Not everyone will take that comment at face value. Many skeptics want to believe the service cuts are part of a nefarious strategy to discontinue long-distance passenger routes in favor of corridor services that would be paid for by state and local governments.

The Rail Passengers Association and other rail passenger advocates have been trying to argue that daily operation of long-distance trains is an essential public service during the pandemic.

For now it appears that keeping all of the long-distance trains except the Cardinal and Sunset Limited – which have operated tri-weekly for years – on daily schedules hinges upon Congress giving Amtrak nearly $5 billion for FY2021.

Flynn’s prepared statement suggested that not only does Amtrak want additional money it also seems to want a mandate from Congress ordering it to keep long-distance trains operating daily.

“We will do as directed by Congress,” Flynn said. “If that $4.9 billion instructs us to rescind the furloughs and rescind the service cuts, we’ll do that.”

If no additional funding is forthcoming and Amtrak implements the long-distance train service reductions as planned, Flynn said Amtrak would evaluate ridership and revenue of those trains in February.

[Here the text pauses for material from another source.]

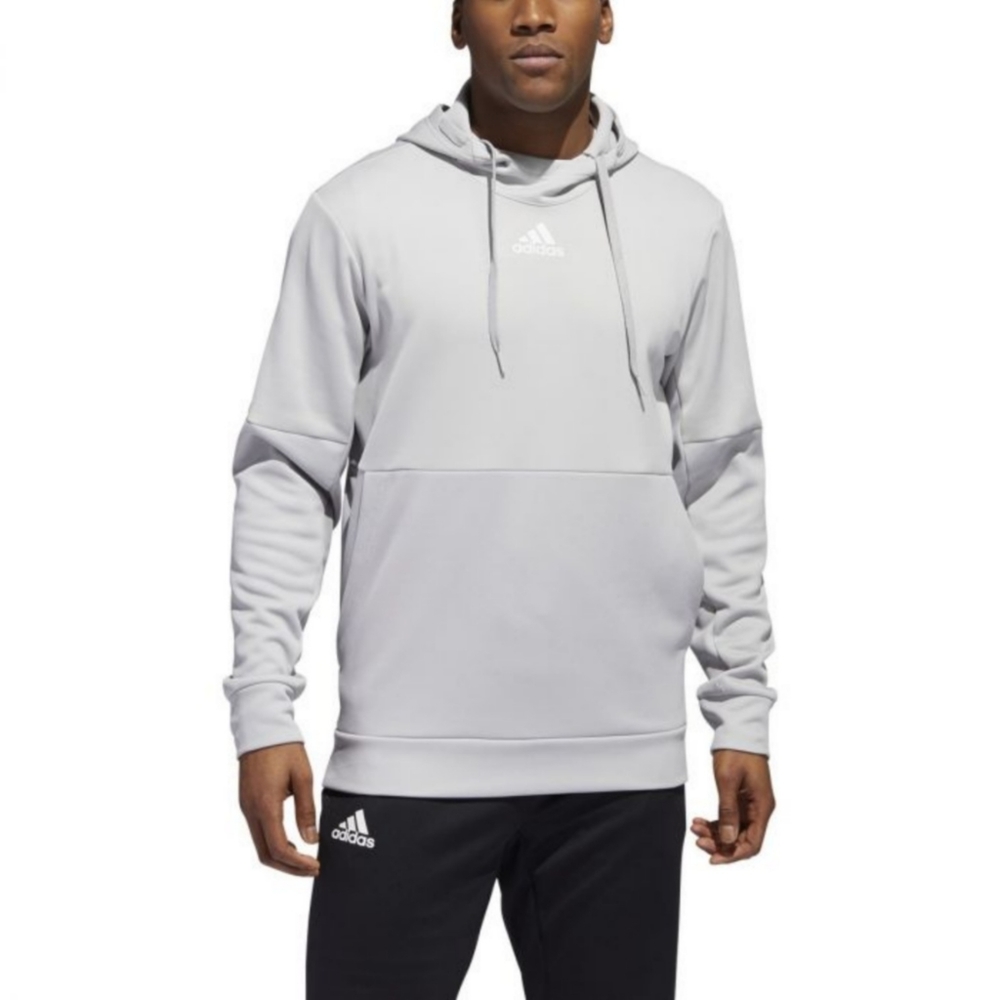 Adidas TI Pullover 2 Tone Gray Drawstring Hoodie Top Men's Size Small Small NWT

He recited in his statement the criteria for restoration of daily service that Amtrak proclaimed in a white paper published about a month ago.

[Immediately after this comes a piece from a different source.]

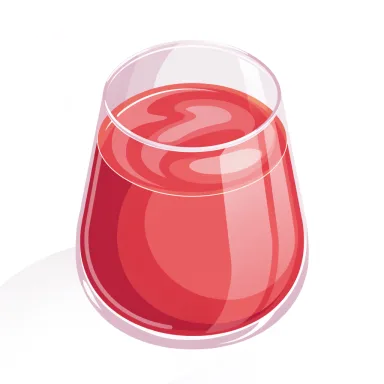 Illustration of fruit smoothie with dairy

His statement hinted that restoration of daily service would be undertaken on an individual route basis and some trains might not resume daily operation until FY2022.

“If any route is not yet ready to be restored when we conduct our [February 2021] review, we will apply an updated version of the criteria  . . . as part of our FY 2022 planning cycle or sooner, in the event of a dramatic improvement in demand prior to that point,” he said.

It is noteworthy that Flynn also said the future of Amtrak’s long-distance network hinges upon Congress providing capital funding to buy new equipment, saying the equipment used on long-distance trains is more than 40 years old and has reached the end of its useful life.

That equipment must be replaced “if we are to maintain current long-distance service.”

Flynn also called on Congress to give Amtrak the legal tools to argue that passenger trains deserve preference in dispatching over freight trains.

“The greatest threat to the future of our long-distance network is not COVID-19, but rather poor on-time performance that diminishes the value of these services to our customers,” he said.

“The leading cause of delays to our long distance trains is the failure of some of our host railroads to comply with this longstanding legal obligation to provide Amtrak trains with preference over their tracks.”

Amtrak’s host railroads, of course, would have a different view of the matter, but conflict with its host railroads has been going for decades and figures to last a long time.

Flynn was optimistic about Amtrak’s future, but didn’t present much of a vision as to what he sees as the role of intercity rail passenger in America.

Missing from his comments was the sometimes strident and caustic tone that his predecessor, Richard Anderson, sometimes displayed.

He touched on how long-distance trains lose money without dwelling on those losses or villifying those trains. At the same time his commitment to the long-distance network was less a ringing endorsement than a description of something that Amtrak does.

It was, of course, just the first of what are likely to be many statements that Flynn will make to Congress so we should probably avoid reading too much into this statement, which also was delivered under some of the most adverse circumstances any Amtrak head has faced.

As always, though, the fate of Amtrak is up to Congress.